As we evaluate the system-on-a-chip (SoC) design landscape, the industry continues to search for solutions to a long list of design challenges and issues. They include the following.

  1. Rising cost:
  2. SoC silicon and software design costs are rising at each new process node, with increasing emphasis now being placed on the software side of the design cost equation. How can we reduce design costs, especially for software, in a meaningful way?

  3. Design complexity:
  4. Complexity is increasing to meet rising market requirements. How can SoC designers continue to meet these rising demands without “breaking the bank” through higher design costs, or missing the market window altogether because of long design cycle times?

  5. Power consumption:
  6. This continues to be the major issue for designers today — especially in light of the trend for users to have hundreds of apps on their mobile devices.
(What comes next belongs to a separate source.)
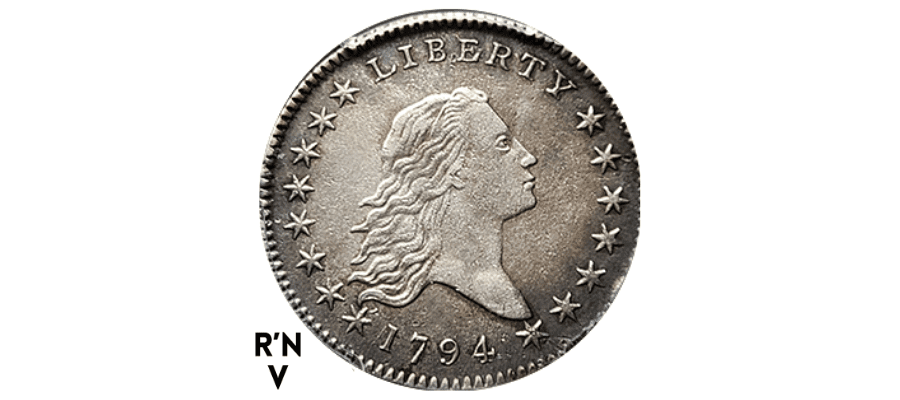 Flowing Hair Dollar von 1794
What methods are available to reduce power consumption and still meet consumer expectations and market requirements?

  7. Integration cost:
  8. The cost to integrate the large number of IP blocks being used in SoCs today is rising, and this is probably one of the causes of increasing design costs in general. How can IP integration costs for complex SoC designs be curtailed or even lowered while still infusing added functionality into these designs?

  9. Testing and verification:
  10. The difficulty in achieving timing closure and running verification for complex SoC designs are other troubling trends designers must contend with. Are there any solutions today that reduce the level of effort needed to reach timing closure and that make the verification process easier?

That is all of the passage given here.